(Excerpts from a dataset)
▬▬▬▬▬▬

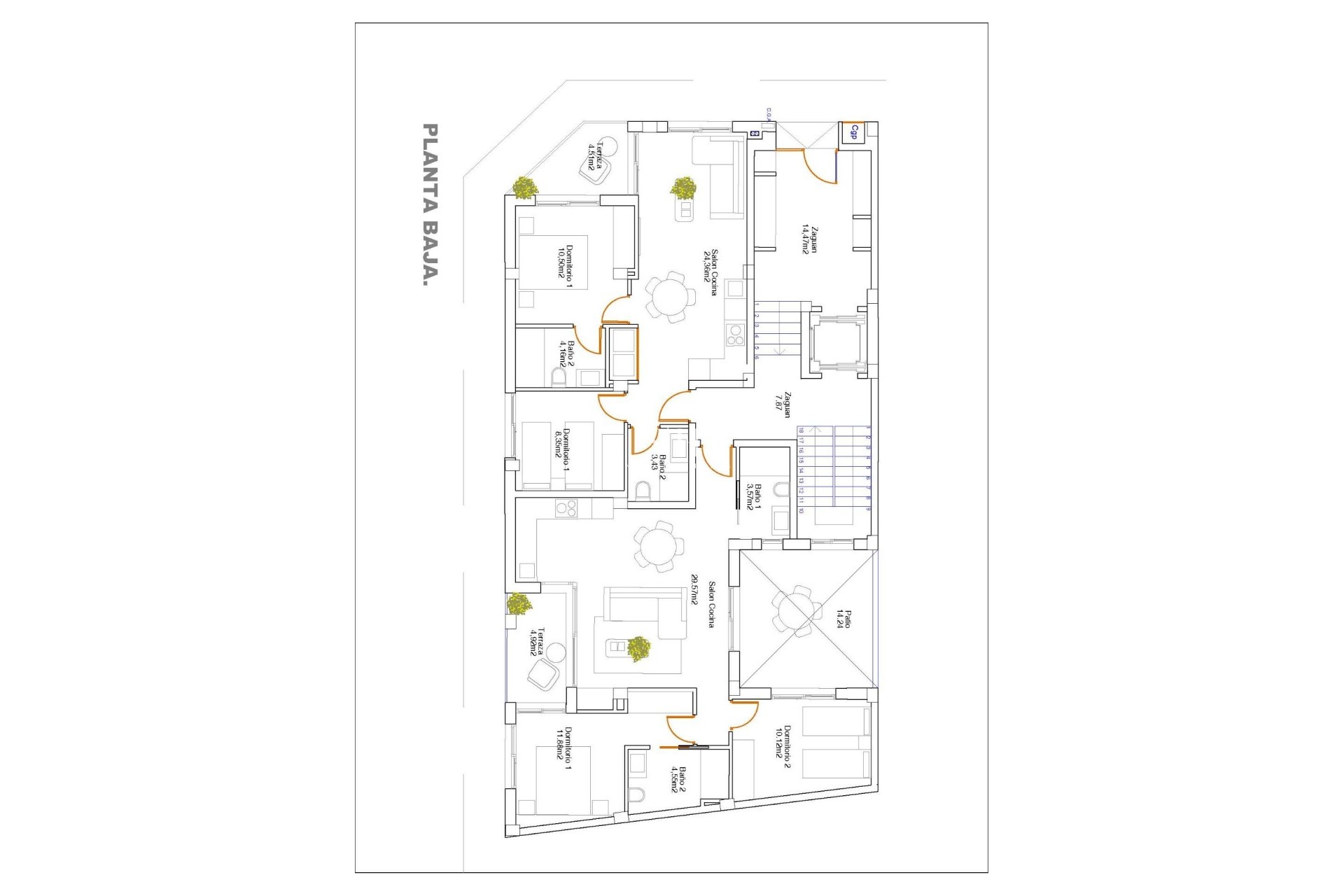 New Build - Apartment / flat - Guardamar del Segura - Pueblo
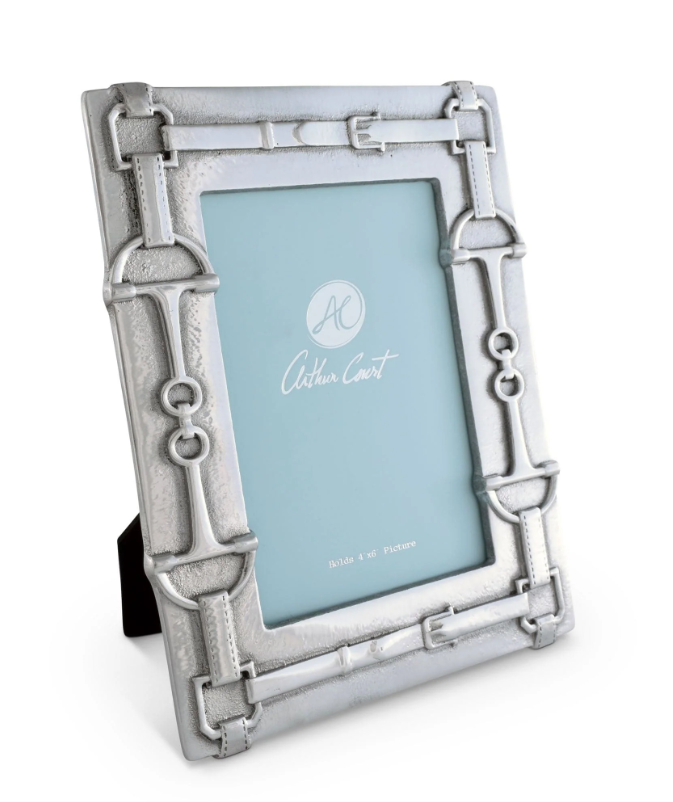 Arthur Court Equestrian Bit Photo Frame 4x6-1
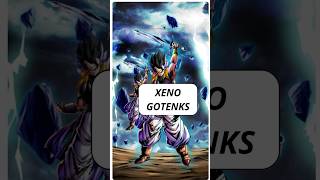 ⚔️ Son Goten + Xeno Trunks = Xeno Gotenks ⚔️#dragonball #trunks #gotenks #goku #anime #fusion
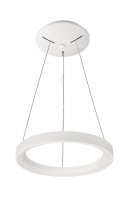 Deko-Light z�v�sn� sv�tidlo Merope 400 mm, 30,0 W, 3000/4000 K, b�l� 220-240V AC/50-60Hz 30,00 W 3000/4000 K 2200 lm b�l� RAL 9016 342189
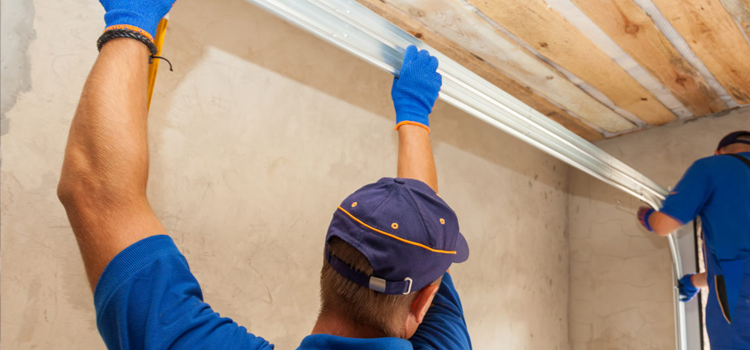 commercial overhead garage door repair in Red Bluff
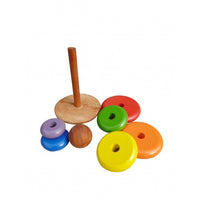 Bouncing Stacking Rings Baby & Kids > Toys Kings Warehouse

▬▬▬▬▬▬

#### Task goal:
Exactly reproduce the entries above, minus the pictures.

#### Task response:
 New Build - Apartment / flat - Guardamar del Segura - Pueblo
 Arthur Court Equestrian Bit Photo Frame 4x6-1
 ⚔️ Son Goten + Xeno Trunks = Xeno Gotenks ⚔️#dragonball #trunks #gotenks #goku #anime #fusion
 Deko-Light z�v�sn� sv�tidlo Merope 400 mm, 30,0 W, 3000/4000 K, b�l� 220-240V AC/50-60Hz 30,00 W 3000/4000 K 2200 lm b�l� RAL 9016 342189
 commercial overhead garage door repair in Red Bluff
 Bouncing Stacking Rings Baby & Kids > Toys Kings Warehouse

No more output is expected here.